With the cash rate now at 4.1%, the impact on the risk-free premium means that the required return from equities needs to be higher to justify the higher risk compared to leaving the money in the bank. Given this higher hurdle it is not surprising then that investors are slightly more risk averse. In addition, the higher interest rates will impact those businesses which are capital intensive and in some instances not yet profitable.
So when it comes to investing in IPOs there are a few key things to consider.
- understanding the risks associated with the business and sector it operates in,
- understanding the capital structure and reviewing the financials,
- You may see a company like Acusensus in the right thematic – AI – but when assessing its revenue outlook and growth, it may not be the right investment for you compared to other companies in the same space.
Locally from Monday to Thursday the ASX200 fell 0.55% weighed down by the healthcare sector losing 1.7%, information technology stocks falling 1.66% and the materials sector falling 0.82%. Market volatility was driven this week by outlook for future rate hikes out of the RBA and Federal Reserve alongside recessionary concerns amid signs of slowing economic growth.
The winning stocks on the ASX200 over the four days were led by Costa Group (ASX:CGC) soaring almost 21% following the receipt of a takeover offer worth $1.6bn from Paine Swartz Partners. Silver Lake Resources (ASX:SLR) rallied 13.47% this week and Bellevue Gold (ASX:BGL) added just over 11% from Monday to Thursday.
AMP (ASX:AMP) took the biggest hit on the ASX200 this week with the company falling almost 10% as the Federal Court in Victoria ruled in favour of claimants against AMP in a class action known as the ‘buyer of last resort’ proceedings.
On the broader All Ordinaries, the winning stocks were led by Tigers Realm Coal (ASX:TIG) soaring 40%, while St Barbara (ASX:SBM) jumped 38.38% and Betmakers Technology Group (ASX:BET) rose 28.05%.
At the other end of the All Ords, Cokal (ASX:CKA) fell 22.50% this week, Sunland Group (ASX:SDG) dropped 20.45% and PSC (ASX:PSC) Insurance lost 12.55%.

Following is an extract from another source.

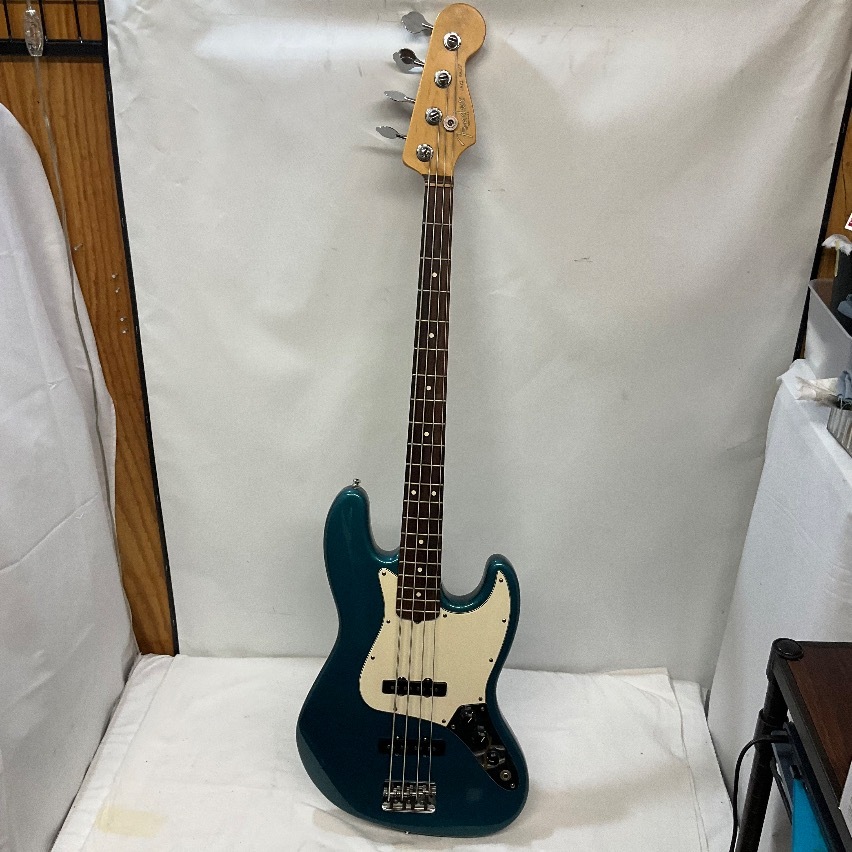 Fender American Standard JazzBass（中古）【楽器検索デジマート】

The most traded stocks by Bell Direct clients from Monday to Thursday were CSL (ASX:CSL), BHP (ASX:BHP), Origin Energy (ASX:ORG), Brickworks (ASX:BKW), Elders (ASX:ELD), Lynas Rare Earths (ASX:LYC), MMA Offshore (ASX:MRM), and Champion Iron (ASX:CIA).
Clients also bought into Woolworths Group (ASX:WOW), while taking profits from Pilbara Minerals (ASX:PLS).

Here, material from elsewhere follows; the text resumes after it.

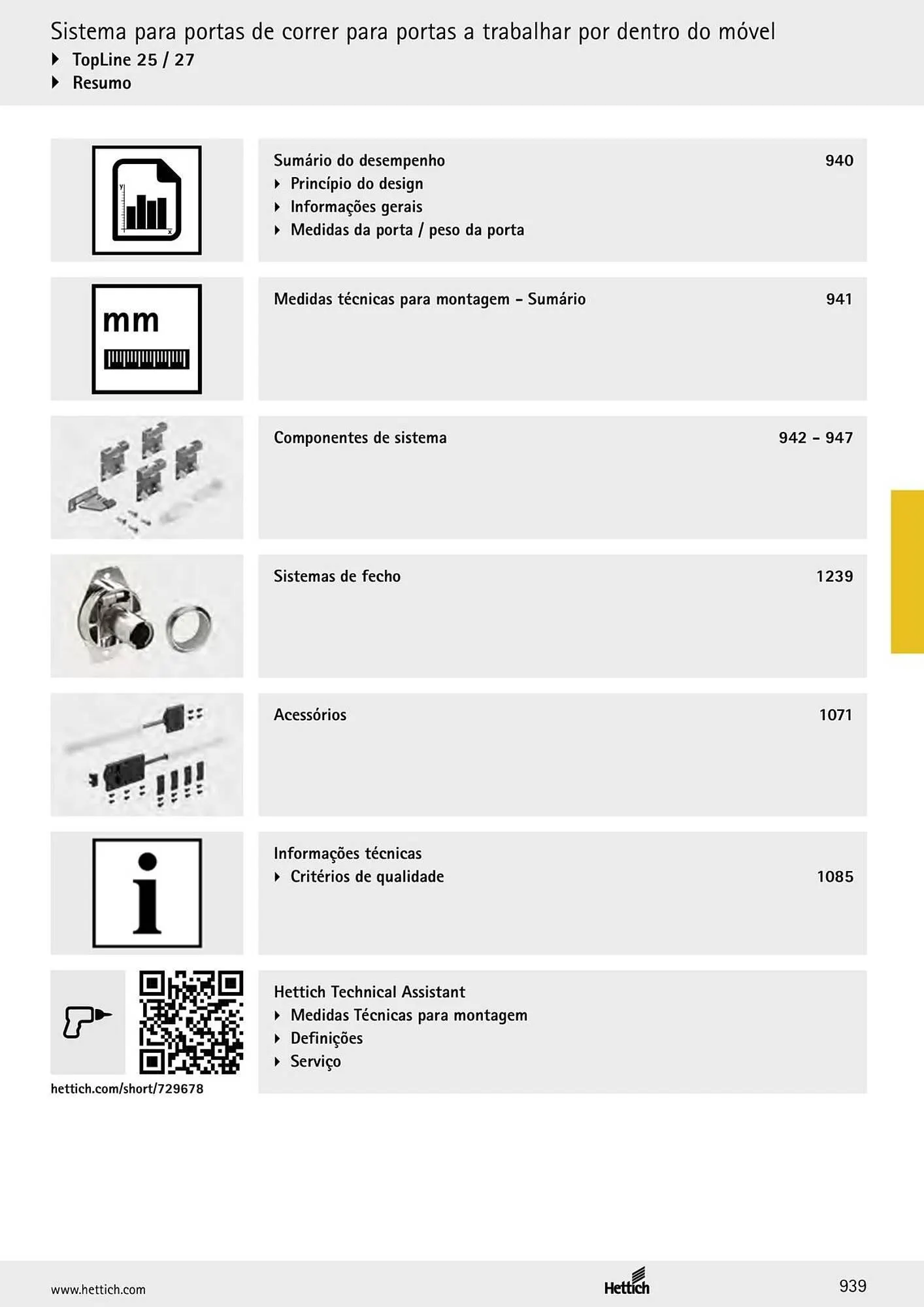 Folheto Folheto Interfer de 4 de março até 30 de setembro 2025 - Pagina 941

On the diversification front, the most traded ETFs by Bell Direct clients from Monday to Thursday were Global X Copper Miners ETF AUD, Vanguard Australian Shares Index ETF, and BetaShares Australian Major Bank Hybrids Index ETF.
Looking at the week ahead, Westpac consumer confidence data for July is out on Tuesday with the forecast of a rise to 1.5% for the month ahead, up from 0.2% in June as investor confidence is boosted by the RBA’s rate pause for July amid signs of easing inflation down under.
NAB Business confidence data for June is also out on Tuesday with the expectation of a decline to minus 6 points, down from minus 4 points in May.
Overseas, US inflation rate data for June is out on Wednesday with consensus expecting a slight dip to 0.3% for the month of June down from 0.4% in May, while the inflation rate YoY is expecting to slide to 3.6% for June on an annual basis from 4% in May.
China’s trade balance data for June is also out on Thursday next week, with the expectation for an increase in trade surplus to $68bn from $65.81bn in May.
And that’s all we have time for today, have a wonderful weekend and as always, happy investing!